An Introduction to Norwegian Business Culture

This week, I have continued to search for jobs, attend Norwegian language classes, work with recruiters, and attend networking events and conferences here in Trondheim in an effort to make myself a better candidate for job opportunities. I have learned very quickly that Norway has one of the most competitive and technical job markets in the world. My last blog post focused on some of the interesting aspects of US business culture and this post will focus on some of my reflections of Norwegian business culture thus far.
Technoport conference

More than just oil

Norway is known for being an oil-wealthy nation and rightly so but that does not mean that Norway relies only on its oil exports as the main source of revenue.
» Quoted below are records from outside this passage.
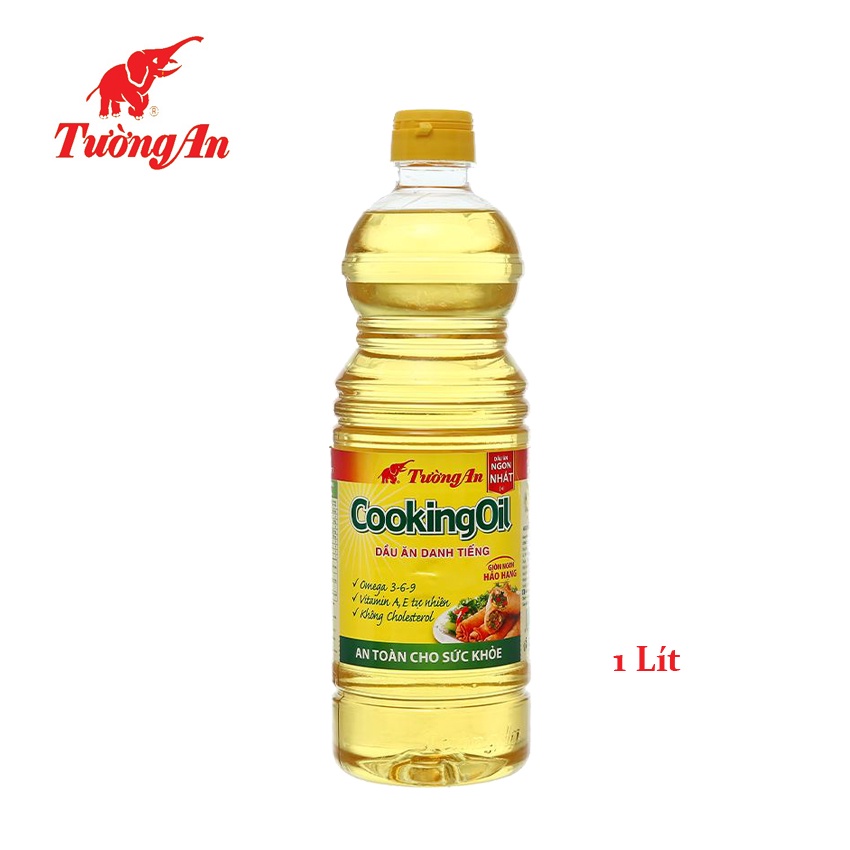 Dầu ăn Tường An cooking oil 1L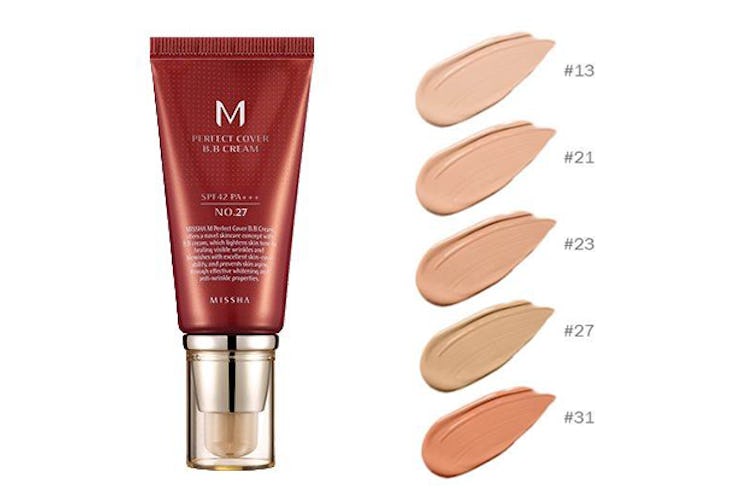 Missha M Perfect Cover BB cream SPF42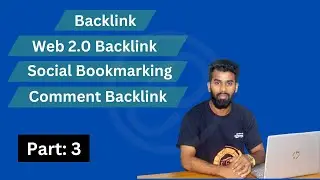 How To Create Web 2.0 Backlink | Blog Comments Backlinks | Social Bookmarking ( Free Backlinks)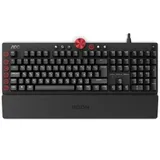Клавиатура AOC AGK700, MX Red Cherry, Gaming, Multimedia, RGB, Black, USB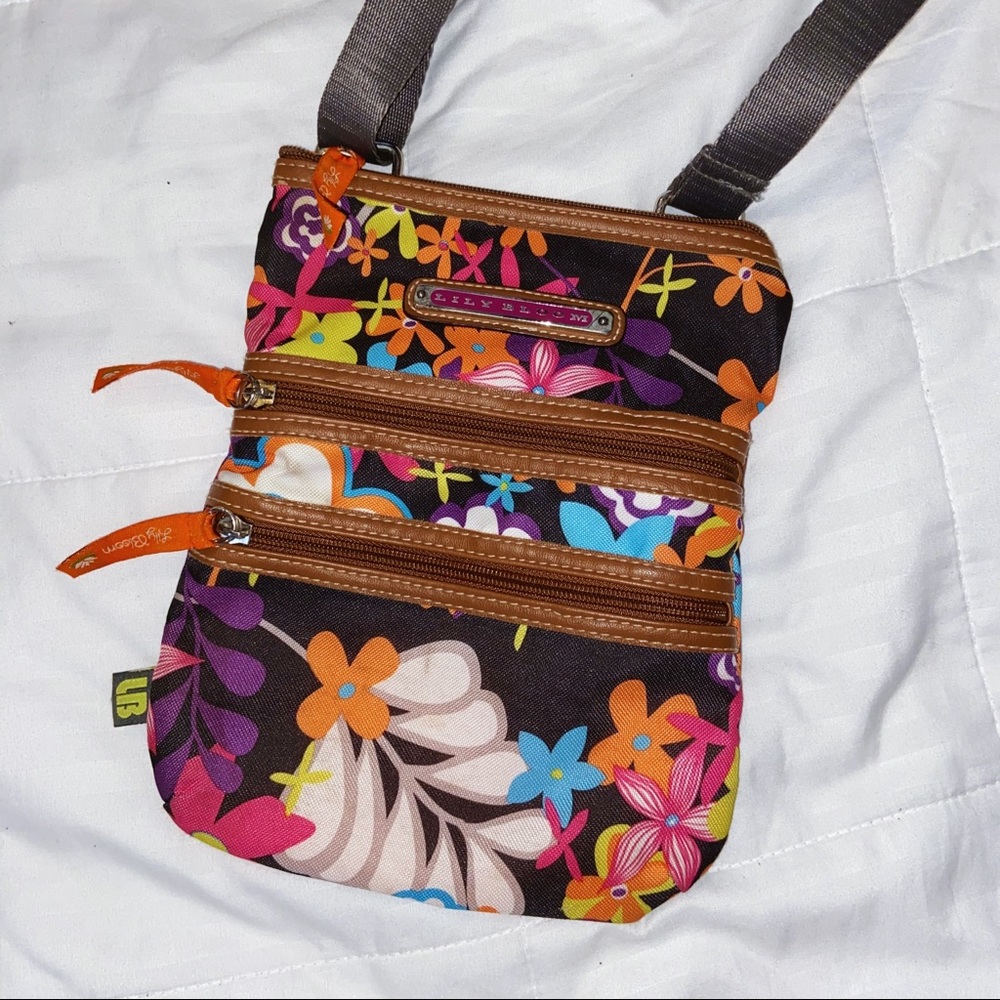 Lily Bloom Floral Crossbody Bag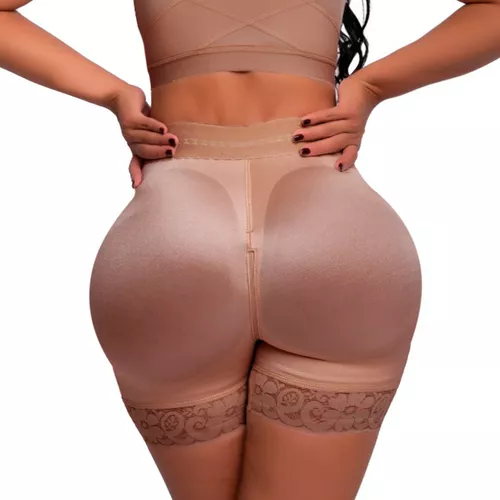 Panty Short Invisible Colombiano Efecto Moldeador Original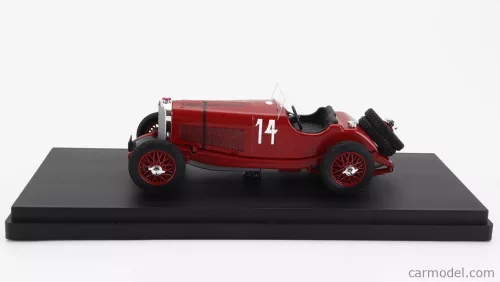 MERCEDES BENZ  SSK N 14 WINNER ARGENTINA AUTUMN GP 1928 CARLOS ZATUSZEK  RED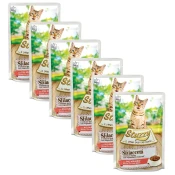 Stuzzy Cat Strips govedina 6 x 85 g
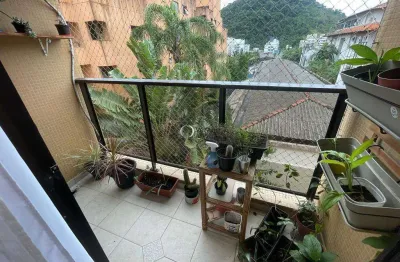 Cobertura com 3 dormitórios à venda, 140 m² por r$ 600.000,00 - enseada - guarujá/sp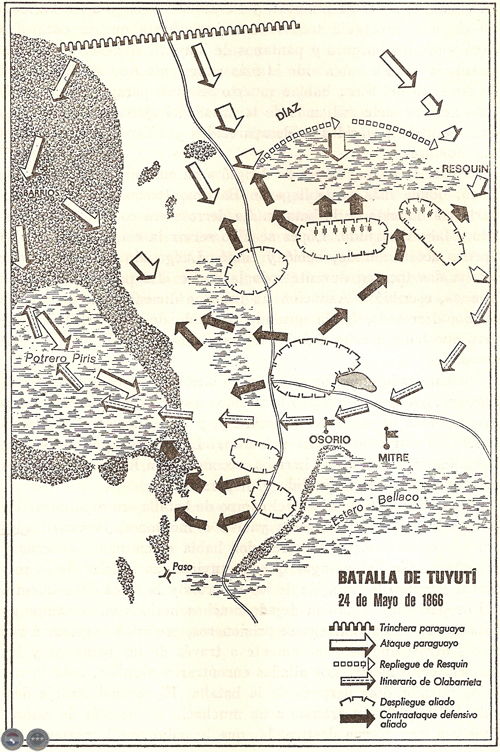 GUERRA DE LA TRIPLE ALIANZA 1864 - 1870 - POR GUIDO RODRÍGUEZ ALCALÁ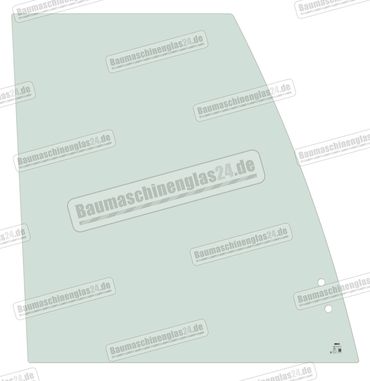 Yanmar VIO 80-1A - Schiebefenster vorn rechts
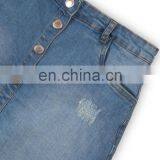 DiZNEW Custom no Brand Vintage Children Denim Jeans Skirt thumbnail-2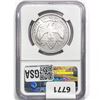 Image 2 : 1876 $100 Union 1oz. Platinum NGC Gem ProofUC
On the contrary, Norway (and Trondheim in particular) is one of the most technologically advanced and innovative societies in the world. Far from the days of fish, potatoes, and a strong reliance on agriculture, Norway is now a world leader in many technological sectors. In fact, Norway was ranked the #1 most prosperous country in the world for the sixth year in a row in 2014, according to the Legatum Institute’s Prosperity Index.

Priority of education

In the US, education is highly valued and the name of your university carries almost as much weight as your actual degree field. In Norway, all schools are viewed as being relatively equal and grades are commonly the most important factor. One of the biggest differences in Norwegian education is that students choose their intended career field very early on in life. Grades are extremely important and you can only receive a Masters or PhD in something that directly relates to your previous education. This in particular has been very difficult for me because I have a Bachelor’s in politics and international relations but wish to pursue a Masters in business. In the US, most people tend to get a mixed background of education as they progress through life, often moving from social sciences to business or from engineering to law, for instance. It also leaves me in a difficult place in terms of job search.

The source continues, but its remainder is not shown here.